▶ _Input data_:
#####

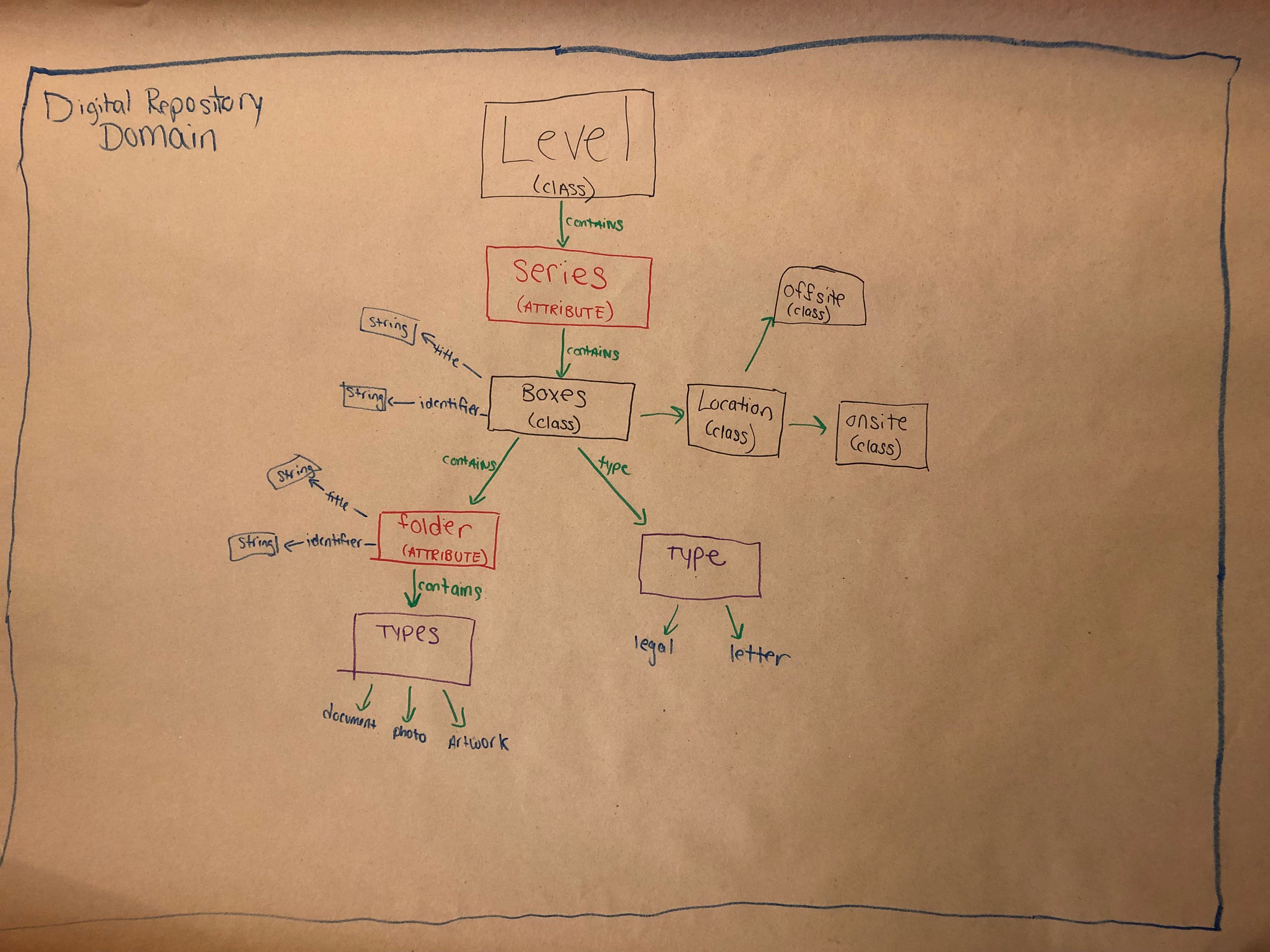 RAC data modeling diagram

#####

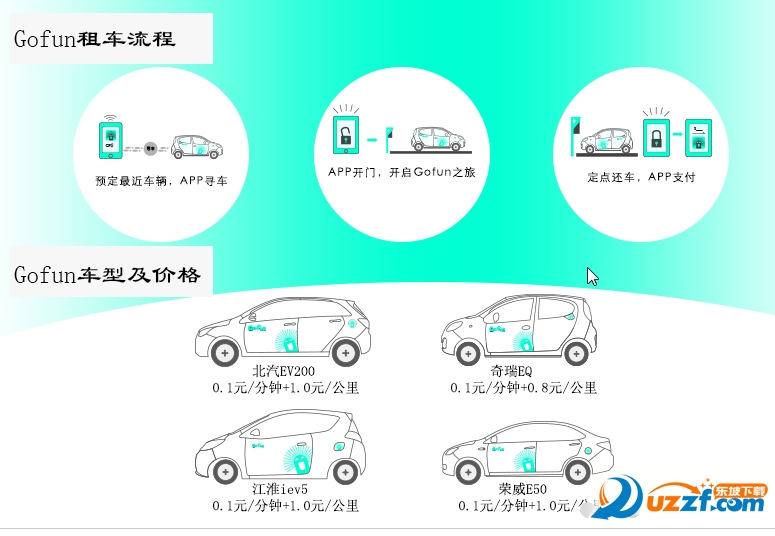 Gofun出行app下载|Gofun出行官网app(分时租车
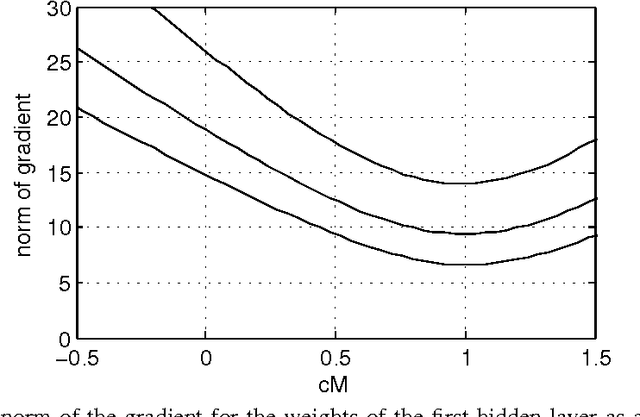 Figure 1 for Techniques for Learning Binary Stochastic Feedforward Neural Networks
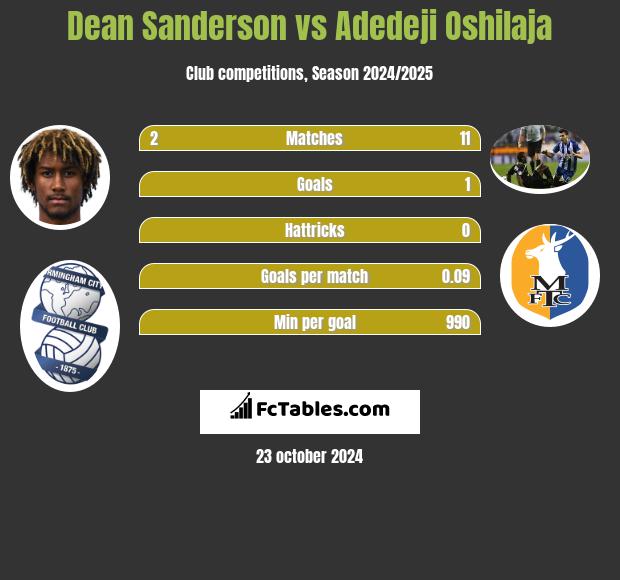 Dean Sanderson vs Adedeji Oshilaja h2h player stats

#####

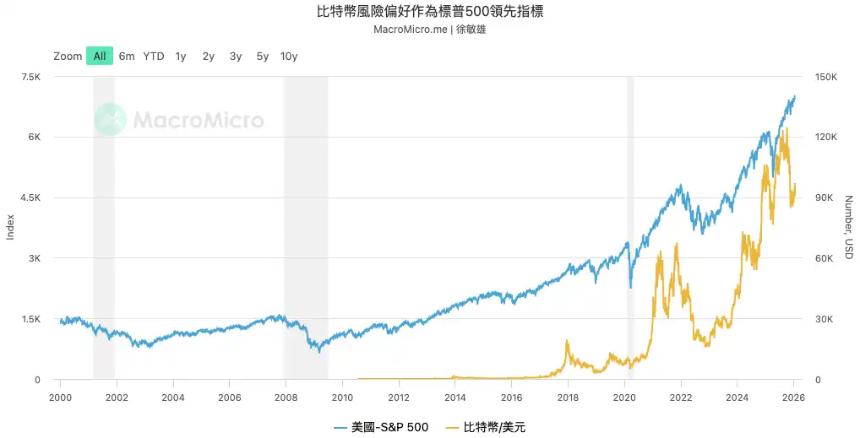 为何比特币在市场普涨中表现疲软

#####

▶ _Exercise description_:
Take the material above from the line containing "Gofun出行app下载|Gofun出行官网app(分时租车" up to and including the line containing "Dean Sanderson vs" and retype it exactly, without any pictures.

▶ _Your response_:
 Gofun出行app下载|Gofun出行官网app(分时租车
 Figure 1 for Techniques for Learning Binary Stochastic Feedforward Neural Networks
 Dean Sanderson vs Adedeji Oshilaja h2h player stats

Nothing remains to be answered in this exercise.